Opinião interessante de Felix Salmon no NYT sobre a (falta de) relevância, dos mercados de ações nos EUA. O ponto levantado por Felix é de que, atualmente, apenas as empresas mais antigas tem alguma vantagem em estarem listadas nas bolsas de lá. As empresas novas e dinâmicas, como Facebook, Twitter etc, tem captado recursos de maneira privada, e apenas os membros de uma elite super-rica tem condições de investir nelas. As empresas tem menos dores de cabeça, pois não precisam seguir as inúmeras regras ditadas pela SEC (a CVM dos EUA), e podem focar mais no negócio ao invés de focar em relatórios de resultados e reuniões com acionistas.
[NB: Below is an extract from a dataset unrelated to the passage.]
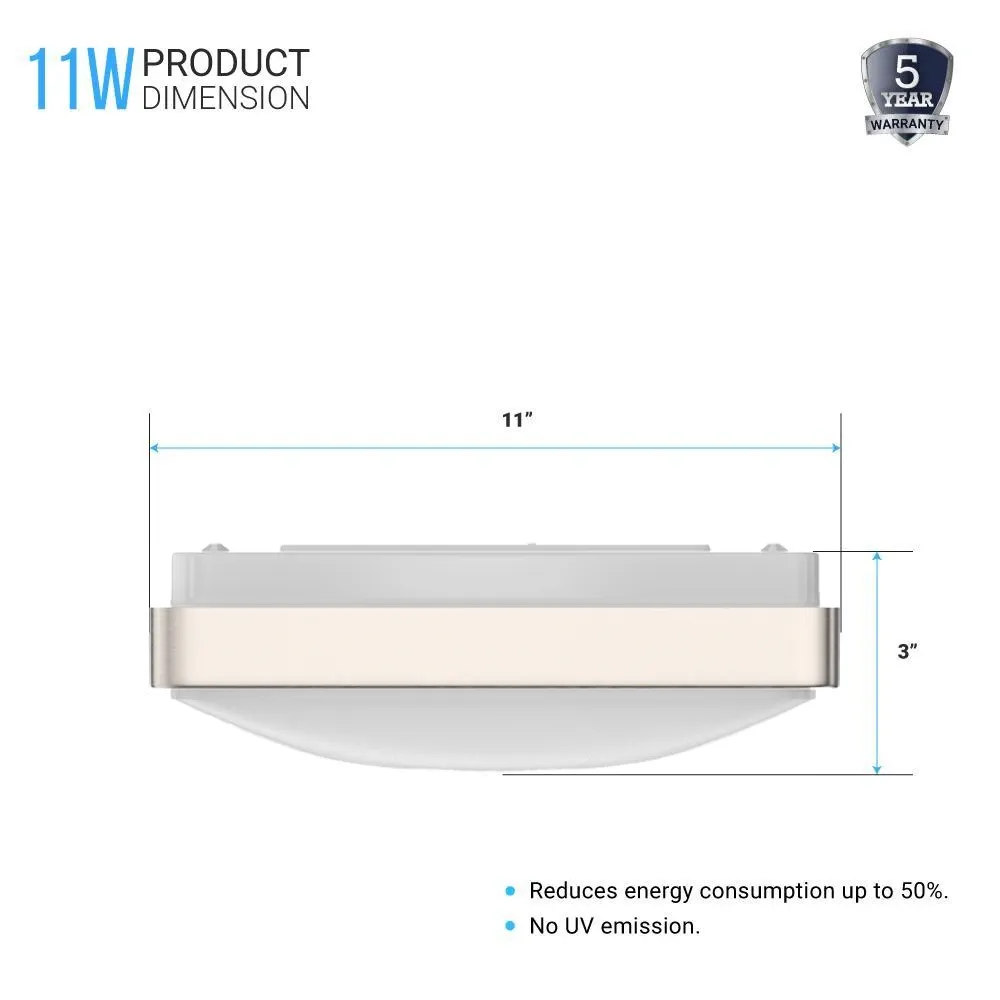 15W Square LED Flush Mount Ceiling Light - 11 inch Brushed Nickel - 1050 Lm - Single Ring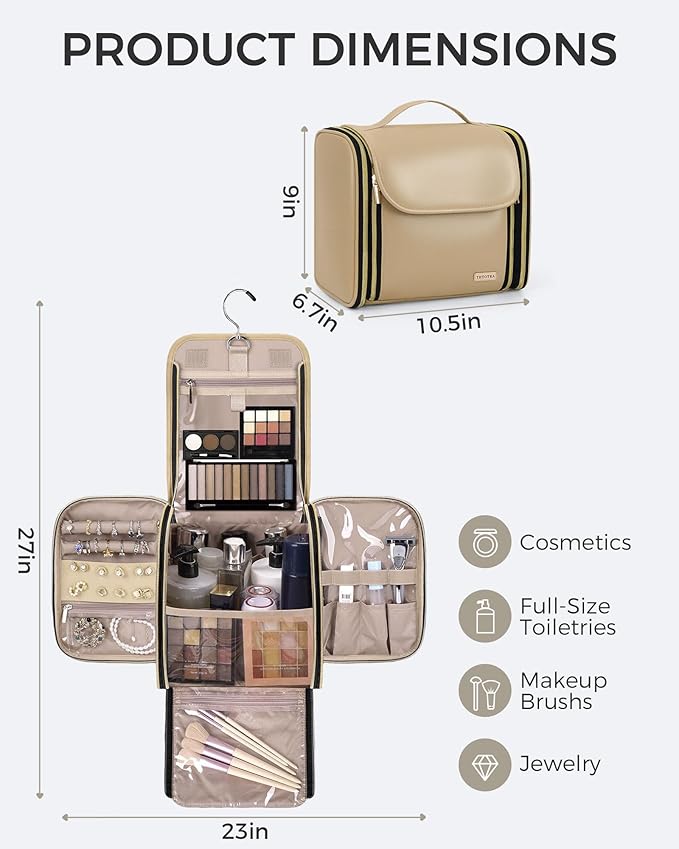 Hanging Toiletry Bag, PU Leather Makeup Bag Large Capacity with Jewelry Organizer for Brushes Set, Cosmetic Accessories, Khaki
Ao mesmo tempo, o que é dito ser a função principal do mercado – alocar capital eficientemente entre os projetos na sociedade – não parece ser comprido. Empresas como Apple tem um caixa monstruoso – dinheiro que está essencialmente parado. Esse dinheiro poderia ser distribuído aos acionistas na forma de dividendos. Porém, isso geraria custos fiscais aos acionistas, e de captação para a empresa, caso precise levantar capital novamente (o que está longe de ser o caso da Apple) . O mercado de ações teria virado, nos EUA, um lugar onde especuladores e algoritmos se encontram, para decidir quem consegue obter mais lucro.

No Brasil, vejo uma situação ainda muito incipiente. Nossa economia está expandindo, e poucas empresas tem capital aberto, ou seja, ainda há muito espaço para o mercado de ações crescer. Além disso, emitir equity ainda parece ser uma maneira comparativamente barata de levantar capital por aqui, dadas as taxas de juros elevadas.